C#-CWE-89

The product constructs all or part of an SQL command using externally influenced input from an upstream component, but it does not neutralize or incorrectly neutralizes special elements that could modify the intended SQL command when it is sent to a downstream database

Required inputs: CSharpAST

This rule detects SQL injection vulnerabilities, where user input is concatenated directly into an SQL query string without proper parameterization or sanitization.
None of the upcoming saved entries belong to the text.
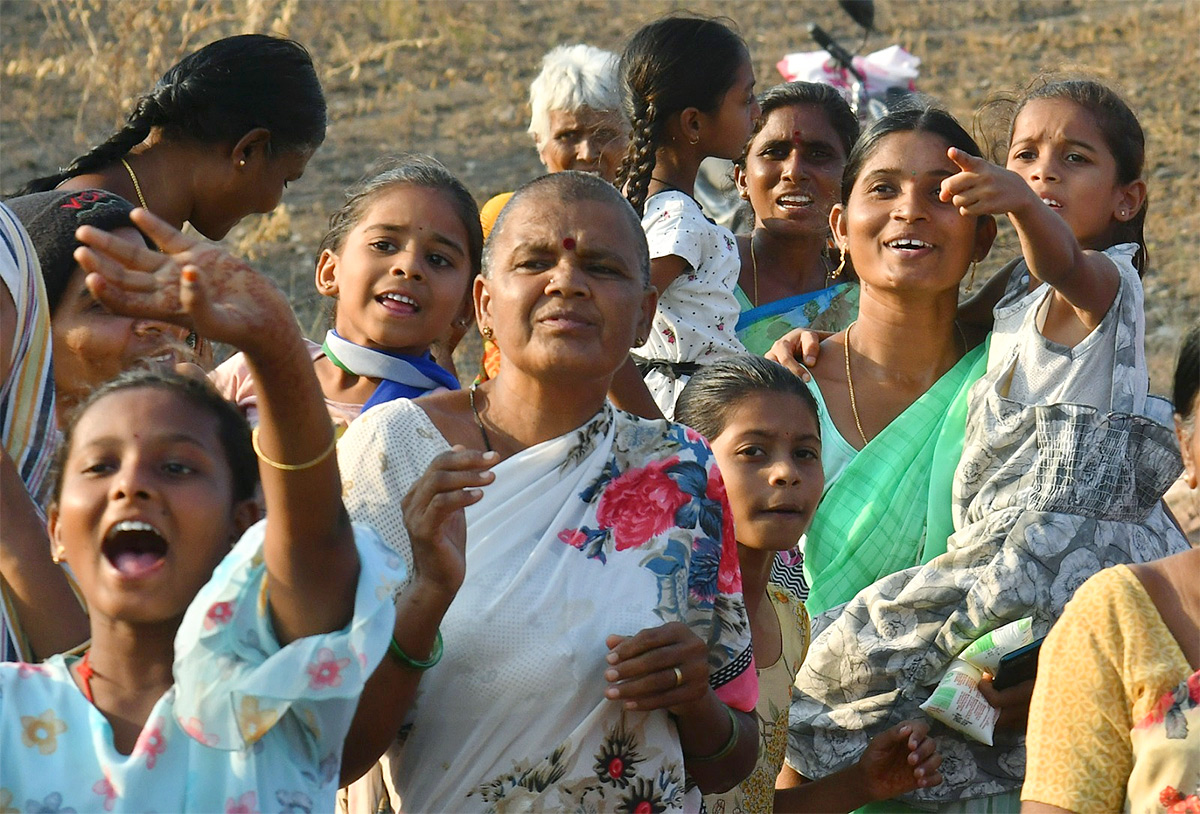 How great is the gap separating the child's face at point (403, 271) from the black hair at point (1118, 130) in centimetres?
159

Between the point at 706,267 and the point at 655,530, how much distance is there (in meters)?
1.77

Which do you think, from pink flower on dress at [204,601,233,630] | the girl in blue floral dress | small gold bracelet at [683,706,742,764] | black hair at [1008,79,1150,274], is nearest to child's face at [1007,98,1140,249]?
black hair at [1008,79,1150,274]

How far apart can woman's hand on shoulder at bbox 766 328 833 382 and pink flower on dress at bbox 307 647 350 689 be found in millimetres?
2090

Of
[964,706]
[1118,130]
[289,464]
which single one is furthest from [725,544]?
[1118,130]

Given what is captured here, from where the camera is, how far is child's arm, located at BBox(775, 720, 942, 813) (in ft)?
11.3

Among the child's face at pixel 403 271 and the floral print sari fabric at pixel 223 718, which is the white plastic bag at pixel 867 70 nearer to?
the child's face at pixel 403 271

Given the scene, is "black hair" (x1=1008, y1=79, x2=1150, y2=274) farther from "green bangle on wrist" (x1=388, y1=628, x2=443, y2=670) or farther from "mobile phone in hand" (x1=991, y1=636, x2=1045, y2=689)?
"green bangle on wrist" (x1=388, y1=628, x2=443, y2=670)

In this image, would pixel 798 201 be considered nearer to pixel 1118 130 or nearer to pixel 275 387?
pixel 1118 130

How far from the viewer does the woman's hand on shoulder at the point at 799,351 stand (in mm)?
4039

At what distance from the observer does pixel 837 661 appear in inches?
140

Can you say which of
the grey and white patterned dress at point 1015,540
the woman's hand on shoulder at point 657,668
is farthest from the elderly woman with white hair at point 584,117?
the woman's hand on shoulder at point 657,668

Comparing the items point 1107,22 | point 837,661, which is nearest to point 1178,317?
point 1107,22

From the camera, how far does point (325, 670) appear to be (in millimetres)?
2100

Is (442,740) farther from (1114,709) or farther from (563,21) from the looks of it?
(563,21) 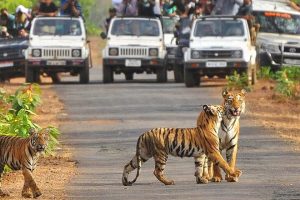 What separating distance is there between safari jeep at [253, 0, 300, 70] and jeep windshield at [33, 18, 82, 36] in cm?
515

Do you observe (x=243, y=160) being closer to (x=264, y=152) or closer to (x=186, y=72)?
(x=264, y=152)

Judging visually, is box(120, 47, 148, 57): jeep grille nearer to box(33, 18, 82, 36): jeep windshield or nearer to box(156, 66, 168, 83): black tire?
box(156, 66, 168, 83): black tire

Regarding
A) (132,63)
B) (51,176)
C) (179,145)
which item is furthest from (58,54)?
(179,145)

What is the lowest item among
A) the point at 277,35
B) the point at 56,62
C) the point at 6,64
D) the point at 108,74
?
the point at 108,74

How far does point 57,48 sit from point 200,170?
22701mm

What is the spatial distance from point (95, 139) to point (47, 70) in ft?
53.4

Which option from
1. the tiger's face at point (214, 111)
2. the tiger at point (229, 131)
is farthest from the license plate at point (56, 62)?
the tiger's face at point (214, 111)

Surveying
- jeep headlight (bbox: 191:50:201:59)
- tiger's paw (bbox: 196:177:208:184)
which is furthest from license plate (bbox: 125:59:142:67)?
tiger's paw (bbox: 196:177:208:184)

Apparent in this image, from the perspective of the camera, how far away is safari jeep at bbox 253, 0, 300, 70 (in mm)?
38875

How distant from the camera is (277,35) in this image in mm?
40000

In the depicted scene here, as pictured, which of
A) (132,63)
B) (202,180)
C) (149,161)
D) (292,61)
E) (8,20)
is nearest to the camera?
(202,180)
Example of a safe implementation in C#:

public static void ExecuteSafeQuery(string userInput)
{
    using (var connection = new SqlConnection(connectionString))
    {
        connection.Open();
        using (var command = new SqlCommand(
            "SELECT * FROM Users WHERE Name = @name", connection))
        {
            command.Parameters.AddWithValue("@name", userInput);
            using (var reader = command.ExecuteReader())
            {
                while (reader.Read())
                {
                    Console.WriteLine(reader["Name"]);
                }
            }
        }
    }
}

Possible Messages

Key	Text	Severity	Disabled
tainted_call	This SQL command is built using raw input.	None	False

Options

• This rule shares the following common options: excludes, includes, justification_checker, post_processing, provider, severity

• The following places define options that affect this rule: Stylechecks, Analysis-GlobalOptions

• This rule has no individual options.